TASK DIRECTIONS
Look through the listing below and write out exactly the lines from the line with "a small room" to the line with "Modern kitchen with", both included, and no others.

RECORDS FOR PROCESSING
Start of Block
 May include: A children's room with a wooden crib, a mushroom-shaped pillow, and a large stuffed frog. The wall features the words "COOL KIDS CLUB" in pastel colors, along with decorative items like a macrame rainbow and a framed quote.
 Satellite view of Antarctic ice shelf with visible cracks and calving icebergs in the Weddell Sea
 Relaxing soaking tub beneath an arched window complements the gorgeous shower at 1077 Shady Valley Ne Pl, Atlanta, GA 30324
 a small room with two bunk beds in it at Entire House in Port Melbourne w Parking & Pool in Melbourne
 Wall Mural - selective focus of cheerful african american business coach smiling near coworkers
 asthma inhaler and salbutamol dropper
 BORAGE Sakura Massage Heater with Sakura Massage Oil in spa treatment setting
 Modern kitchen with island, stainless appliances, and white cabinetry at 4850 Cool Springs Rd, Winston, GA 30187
End of Block
Start of Block
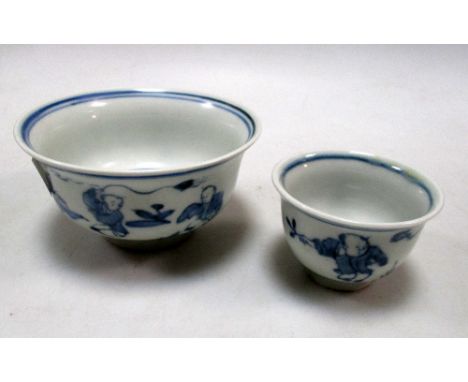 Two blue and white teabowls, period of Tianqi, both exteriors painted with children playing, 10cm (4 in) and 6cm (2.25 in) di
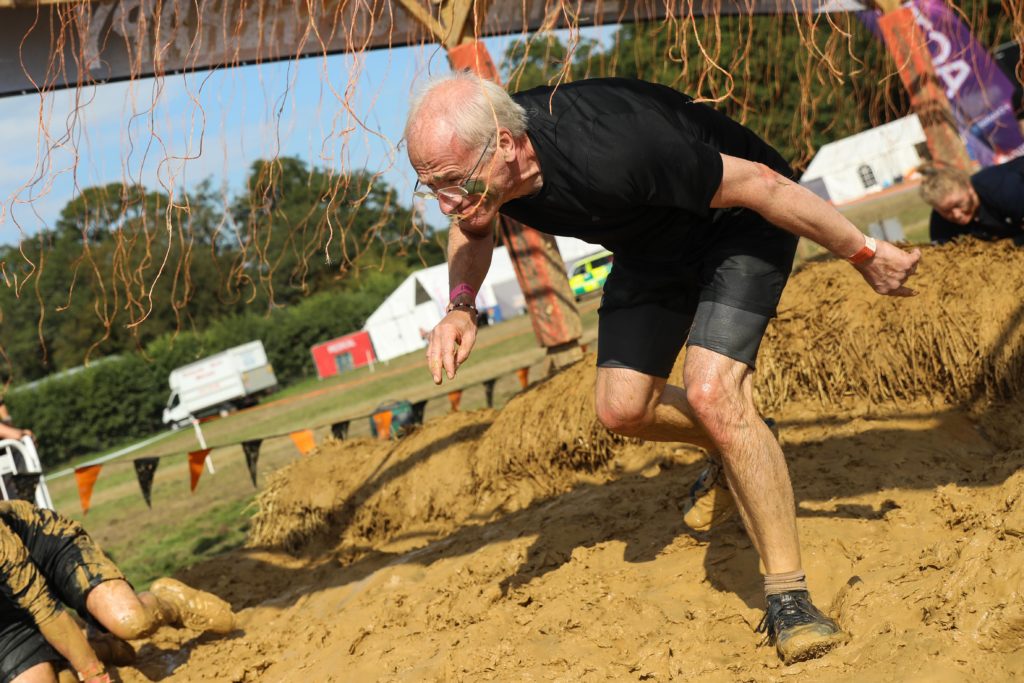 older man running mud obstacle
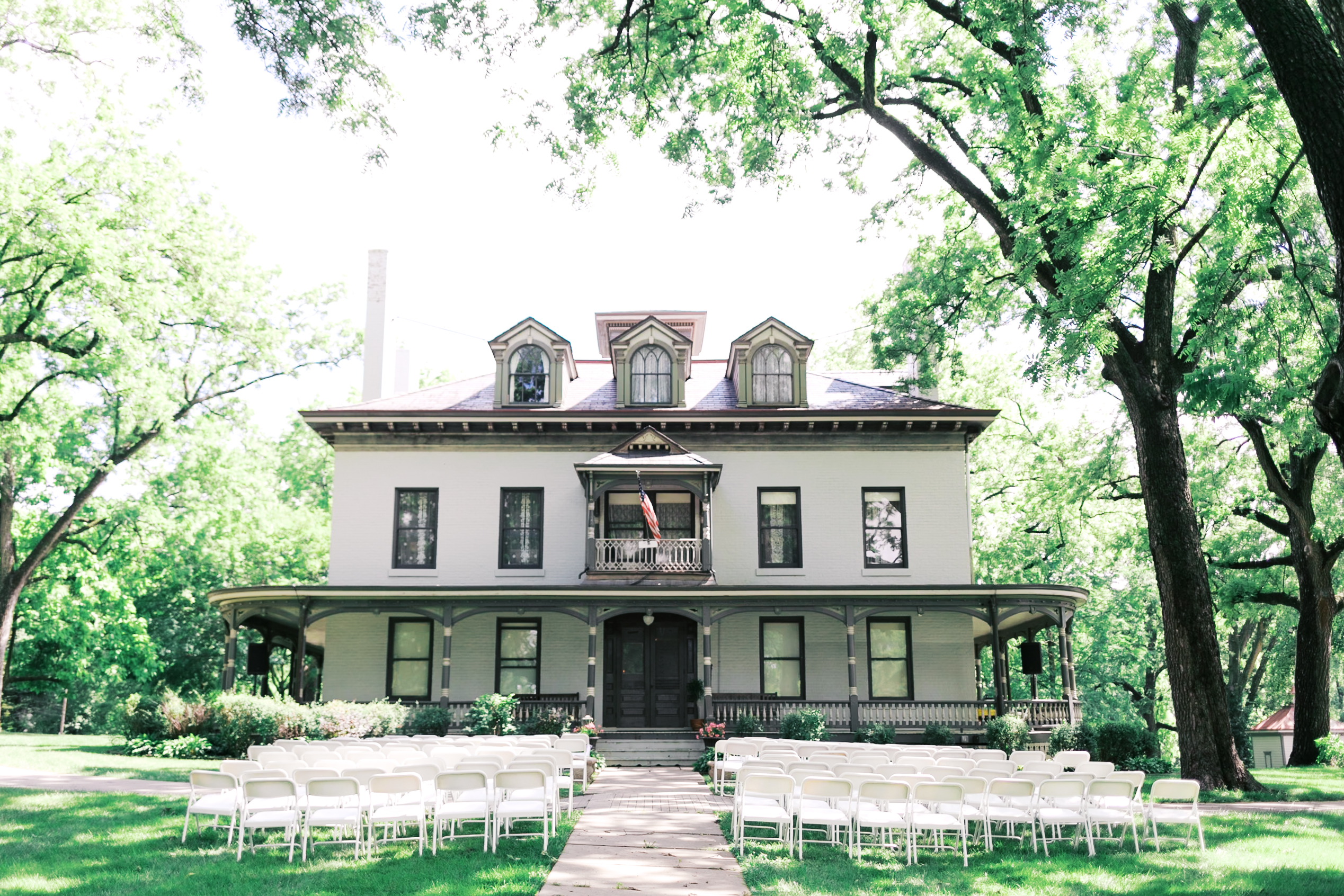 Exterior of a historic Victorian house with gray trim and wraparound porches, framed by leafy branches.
End of Block
WORKED SOLUTION
 a small room with two bunk beds in it at Entire House in Port Melbourne w Parking & Pool in Melbourne
 Wall Mural - selective focus of cheerful african american business coach smiling near coworkers
 asthma inhaler and salbutamol dropper
 BORAGE Sakura Massage Heater with Sakura Massage Oil in spa treatment setting
 Modern kitchen with island, stainless appliances, and white cabinetry at 4850 Cool Springs Rd, Winston, GA 30187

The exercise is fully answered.